START Data extracts

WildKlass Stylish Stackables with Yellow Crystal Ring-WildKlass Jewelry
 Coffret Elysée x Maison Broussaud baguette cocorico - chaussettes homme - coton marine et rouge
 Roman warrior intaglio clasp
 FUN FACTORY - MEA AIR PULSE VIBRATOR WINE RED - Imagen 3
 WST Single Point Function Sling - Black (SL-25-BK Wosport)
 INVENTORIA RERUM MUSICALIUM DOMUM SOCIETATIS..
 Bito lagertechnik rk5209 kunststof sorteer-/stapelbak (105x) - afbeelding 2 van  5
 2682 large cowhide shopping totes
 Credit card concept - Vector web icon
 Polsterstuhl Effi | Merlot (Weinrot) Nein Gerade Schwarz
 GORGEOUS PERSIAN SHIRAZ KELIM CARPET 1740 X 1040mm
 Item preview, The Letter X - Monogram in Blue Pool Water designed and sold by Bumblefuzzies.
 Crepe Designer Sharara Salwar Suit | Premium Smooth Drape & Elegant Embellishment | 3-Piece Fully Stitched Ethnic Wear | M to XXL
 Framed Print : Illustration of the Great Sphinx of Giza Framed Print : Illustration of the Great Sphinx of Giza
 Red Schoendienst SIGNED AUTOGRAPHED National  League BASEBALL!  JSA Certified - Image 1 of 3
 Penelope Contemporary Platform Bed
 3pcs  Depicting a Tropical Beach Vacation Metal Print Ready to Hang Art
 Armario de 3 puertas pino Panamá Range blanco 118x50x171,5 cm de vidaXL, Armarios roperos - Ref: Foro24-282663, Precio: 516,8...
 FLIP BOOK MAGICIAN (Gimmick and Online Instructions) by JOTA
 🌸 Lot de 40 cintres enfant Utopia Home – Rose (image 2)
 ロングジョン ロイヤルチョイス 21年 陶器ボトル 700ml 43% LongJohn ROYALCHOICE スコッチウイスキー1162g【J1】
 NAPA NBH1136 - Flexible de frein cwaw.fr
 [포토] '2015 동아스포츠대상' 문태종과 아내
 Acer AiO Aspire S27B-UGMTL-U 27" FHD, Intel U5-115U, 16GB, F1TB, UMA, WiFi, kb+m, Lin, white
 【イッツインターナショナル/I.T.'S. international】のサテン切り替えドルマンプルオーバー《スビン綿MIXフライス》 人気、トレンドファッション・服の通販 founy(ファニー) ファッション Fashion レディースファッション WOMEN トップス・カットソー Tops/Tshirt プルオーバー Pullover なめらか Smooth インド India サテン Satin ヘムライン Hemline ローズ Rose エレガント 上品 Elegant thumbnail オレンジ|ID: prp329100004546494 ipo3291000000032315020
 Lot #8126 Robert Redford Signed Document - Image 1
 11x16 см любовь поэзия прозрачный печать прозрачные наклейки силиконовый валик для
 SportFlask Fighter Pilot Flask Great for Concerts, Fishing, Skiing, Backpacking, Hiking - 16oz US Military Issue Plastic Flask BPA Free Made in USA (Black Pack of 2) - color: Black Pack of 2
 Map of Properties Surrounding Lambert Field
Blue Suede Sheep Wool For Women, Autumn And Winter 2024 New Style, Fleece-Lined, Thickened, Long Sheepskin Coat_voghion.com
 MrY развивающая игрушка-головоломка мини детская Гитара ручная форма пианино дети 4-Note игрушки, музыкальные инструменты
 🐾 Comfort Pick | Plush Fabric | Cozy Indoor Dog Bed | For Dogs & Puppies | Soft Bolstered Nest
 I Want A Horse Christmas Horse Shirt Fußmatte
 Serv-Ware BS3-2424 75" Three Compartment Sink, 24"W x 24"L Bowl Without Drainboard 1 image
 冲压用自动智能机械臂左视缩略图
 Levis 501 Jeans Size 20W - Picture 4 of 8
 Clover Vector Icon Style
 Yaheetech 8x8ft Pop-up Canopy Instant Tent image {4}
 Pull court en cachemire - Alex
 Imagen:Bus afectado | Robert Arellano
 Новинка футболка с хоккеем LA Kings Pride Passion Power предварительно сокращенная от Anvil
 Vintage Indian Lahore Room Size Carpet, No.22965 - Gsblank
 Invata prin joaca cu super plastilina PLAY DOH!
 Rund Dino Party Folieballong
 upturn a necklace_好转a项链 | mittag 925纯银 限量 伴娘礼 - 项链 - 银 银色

END Data extracts

What is needed: The data above must be returned in full, exactly as written.

Response box:
WildKlass Stylish Stackables with Yellow Crystal Ring-WildKlass Jewelry
 Coffret Elysée x Maison Broussaud baguette cocorico - chaussettes homme - coton marine et rouge
 Roman warrior intaglio clasp
 FUN FACTORY - MEA AIR PULSE VIBRATOR WINE RED - Imagen 3
 WST Single Point Function Sling - Black (SL-25-BK Wosport)
 INVENTORIA RERUM MUSICALIUM DOMUM SOCIETATIS..
 Bito lagertechnik rk5209 kunststof sorteer-/stapelbak (105x) - afbeelding 2 van  5
 2682 large cowhide shopping totes
 Credit card concept - Vector web icon
 Polsterstuhl Effi | Merlot (Weinrot) Nein Gerade Schwarz
 GORGEOUS PERSIAN SHIRAZ KELIM CARPET 1740 X 1040mm
 Item preview, The Letter X - Monogram in Blue Pool Water designed and sold by Bumblefuzzies.
 Crepe Designer Sharara Salwar Suit | Premium Smooth Drape & Elegant Embellishment | 3-Piece Fully Stitched Ethnic Wear | M to XXL
 Framed Print : Illustration of the Great Sphinx of Giza Framed Print : Illustration of the Great Sphinx of Giza
 Red Schoendienst SIGNED AUTOGRAPHED National  League BASEBALL!  JSA Certified - Image 1 of 3
 Penelope Contemporary Platform Bed
 3pcs  Depicting a Tropical Beach Vacation Metal Print Ready to Hang Art
 Armario de 3 puertas pino Panamá Range blanco 118x50x171,5 cm de vidaXL, Armarios roperos - Ref: Foro24-282663, Precio: 516,8...
 FLIP BOOK MAGICIAN (Gimmick and Online Instructions) by JOTA
 🌸 Lot de 40 cintres enfant Utopia Home – Rose (image 2)
 ロングジョン ロイヤルチョイス 21年 陶器ボトル 700ml 43% LongJohn ROYALCHOICE スコッチウイスキー1162g【J1】
 NAPA NBH1136 - Flexible de frein cwaw.fr
 [포토] '2015 동아스포츠대상' 문태종과 아내
 Acer AiO Aspire S27B-UGMTL-U 27" FHD, Intel U5-115U, 16GB, F1TB, UMA, WiFi, kb+m, Lin, white
 【イッツインターナショナル/I.T.'S. international】のサテン切り替えドルマンプルオーバー《スビン綿MIXフライス》 人気、トレンドファッション・服の通販 founy(ファニー) ファッション Fashion レディースファッション WOMEN トップス・カットソー Tops/Tshirt プルオーバー Pullover なめらか Smooth インド India サテン Satin ヘムライン Hemline ローズ Rose エレガント 上品 Elegant thumbnail オレンジ|ID: prp329100004546494 ipo3291000000032315020
 Lot #8126 Robert Redford Signed Document - Image 1
 11x16 см любовь поэзия прозрачный печать прозрачные наклейки силиконовый валик для
 SportFlask Fighter Pilot Flask Great for Concerts, Fishing, Skiing, Backpacking, Hiking - 16oz US Military Issue Plastic Flask BPA Free Made in USA (Black Pack of 2) - color: Black Pack of 2
 Map of Properties Surrounding Lambert Field
Blue Suede Sheep Wool For Women, Autumn And Winter 2024 New Style, Fleece-Lined, Thickened, Long Sheepskin Coat_voghion.com
 MrY развивающая игрушка-головоломка мини детская Гитара ручная форма пианино дети 4-Note игрушки, музыкальные инструменты
 🐾 Comfort Pick | Plush Fabric | Cozy Indoor Dog Bed | For Dogs & Puppies | Soft Bolstered Nest
 I Want A Horse Christmas Horse Shirt Fußmatte
 Serv-Ware BS3-2424 75" Three Compartment Sink, 24"W x 24"L Bowl Without Drainboard 1 image
 冲压用自动智能机械臂左视缩略图
 Levis 501 Jeans Size 20W - Picture 4 of 8
 Clover Vector Icon Style
 Yaheetech 8x8ft Pop-up Canopy Instant Tent image {4}
 Pull court en cachemire - Alex
 Imagen:Bus afectado | Robert Arellano
 Новинка футболка с хоккеем LA Kings Pride Passion Power предварительно сокращенная от Anvil
 Vintage Indian Lahore Room Size Carpet, No.22965 - Gsblank
 Invata prin joaca cu super plastilina PLAY DOH!
 Rund Dino Party Folieballong
 upturn a necklace_好转a项链 | mittag 925纯银 限量 伴娘礼 - 项链 - 银 银色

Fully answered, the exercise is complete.